I understand time constraints and end goals may prohibit the 'best' approach.

What I do not understand is how can you say something is more 'efficient' if the yield in understanding is less than what you would get with another method.

Hopefully this will clarify my thought process here:

If 'Best' is to teach others and requires 10,000 hours to yield 90-99% understanding.

In contrast, 'Efficient' method requires 2,500 hours to yield 30-40% understanding. However, there is diminishing returns meaning that doubling your hours to 5,000 does not return you with 60-80% understanding, rather maybe closer to 50-60% understanding. With 7,500 hours closer to 65-70% and 10,000 hours may around 75-89% understanding.

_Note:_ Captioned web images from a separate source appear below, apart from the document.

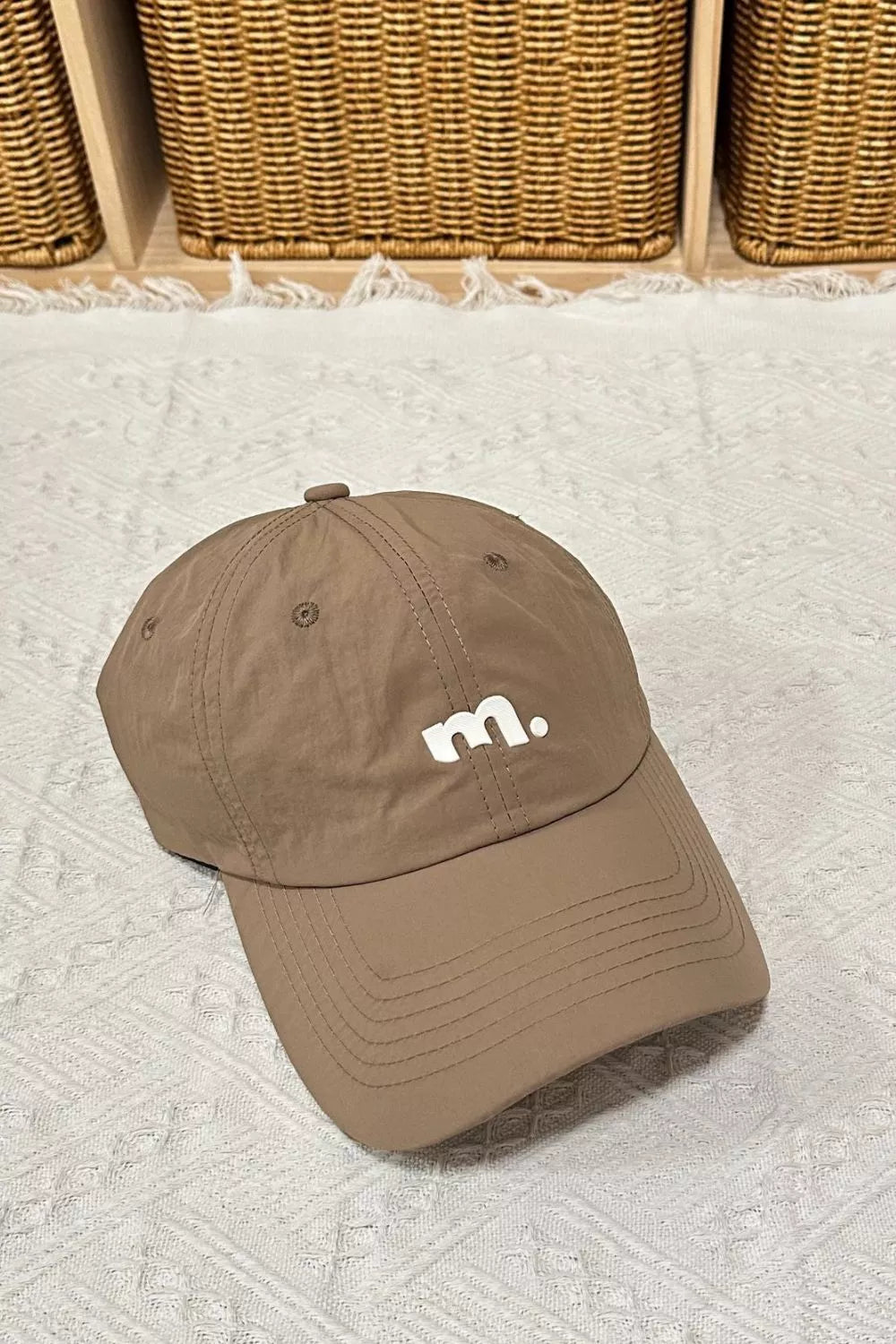 Casual Cotton Baseball Cap with Embroidered Detail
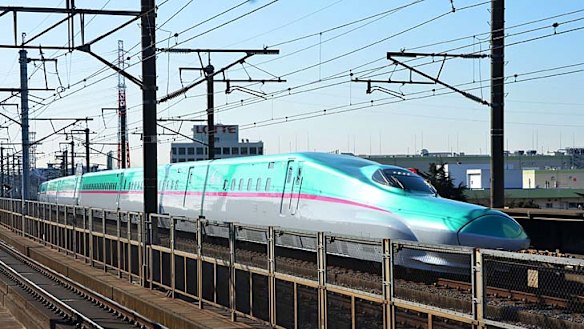 Japan's newest, fastest train debuts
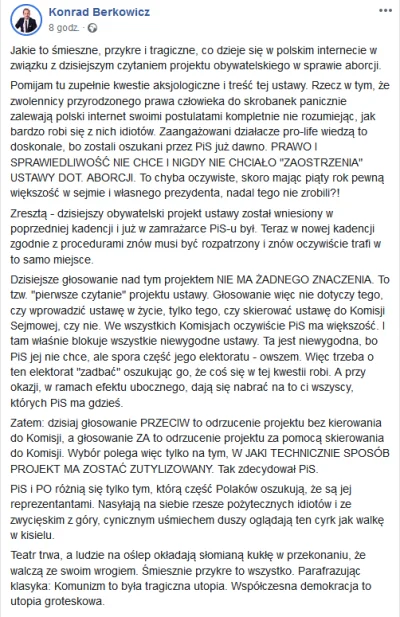 YgoR - 15.04.2020 Konfederacja wystąpiła... Chcesz być wołany? Napisz komentarz "woła...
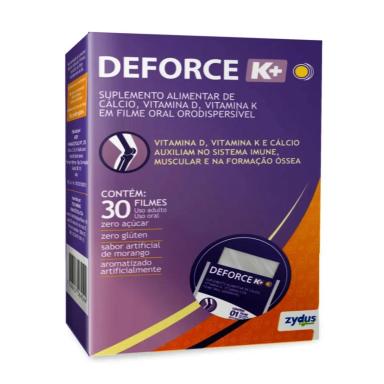 DEFORCE K MAIS 2000UI COM 30 FILMES ZYDUS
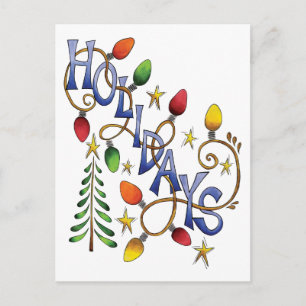 Navidad adorable, luces y estrellas con texto fest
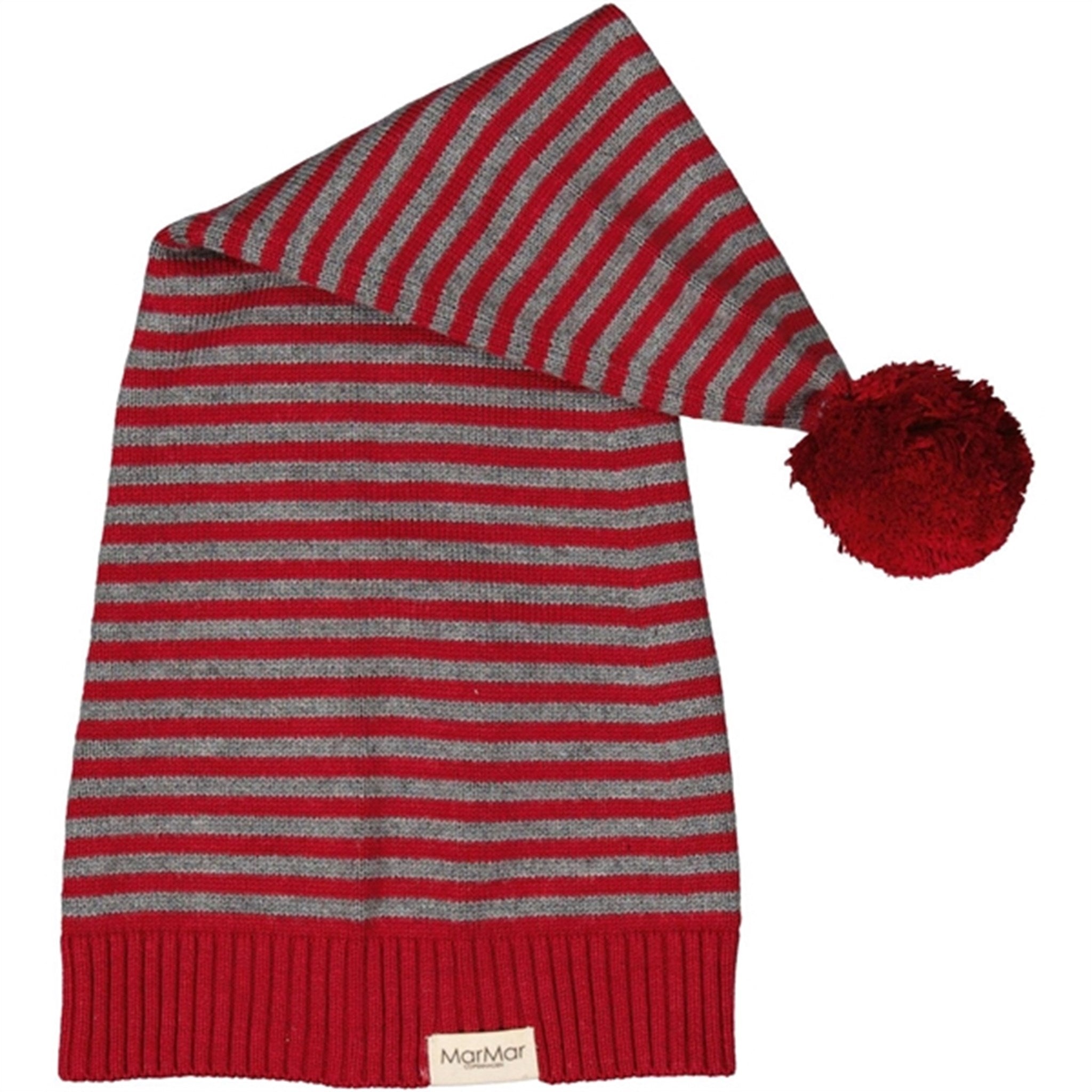 MarMar Hibiscus Red Stripe Alfen Christmas Hat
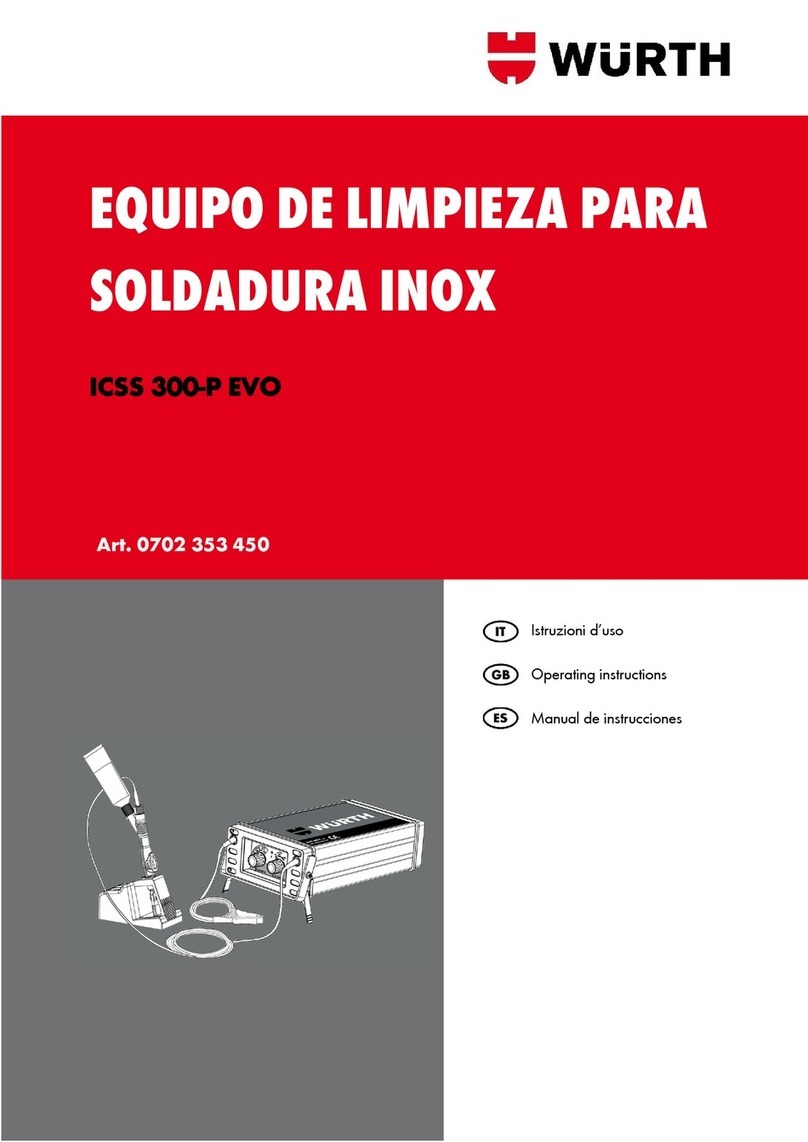 Würth ICSS 300-P EVO operating instructions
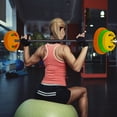 thumbnail image 3 of 40 lbs Adjustable Barbell Weight Set with PU Coated Plates, 51 Inch Steel Bars and Foam Shoulder Pad, Multi Color Home Gym Strength Training Equipment for Full Body Workout, 3 of 7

Here you've spent the same amount of time but did not achieve the same level of understanding. I think you may have a dynamic 'Best' vs 'Efficient' curve and to switch between those options to optimize maximizing your level of understanding in the least amount of time.

1 comments

The problem I have with this argument is that you cannot consider "efficiency" in a vacuum. You need to have a metric against which to measure it.

Consider these two scenarios -

Goal: remember where to look up information when it comes up in $JOB Metric: how much you remember, how quickly you find the info

Goal: discover new hyper-efficient method of training an AI (or insert popular ML topic here). Metric: percent improvement vs current pubished best practice (deliberately vague) Required understanding to make progress: "like a Ph.D. from Stanford"

Now you can possibly measure something.

The idea achievement of "90% understanding" is VERY topic dependent. Simple topic? Sure 100% understanding, I remembered the Latin names of all of the plants in my house. Complicated topic? The information for "100% understanding" might not even be written in the textbook - it probably includes things like seeing the interconnections between the topics and being able to apply them in slightly different contexts.

Make sure you read the studies so you know what they're talking about. In this area, I think summaries are frequently misleading. You have to know what the real evidence is that substantiates the claims. (I cannot tell you how many times I have looked at the evidence and just rolled my eyes - obviously not applicable in settings where I wanted it to be.)

Edit: See this comment (not me) - https://news.ycombinator.com/item?id=41275869

> Complicated topic? The information for "100% understanding" might not even be written

Bjarne Stroustop, creator of C, famously rates his C knowledge as 7/10

I suspect you mean C++, not C.
Tangent: efficiency nearly always comes at the expense of flexibility.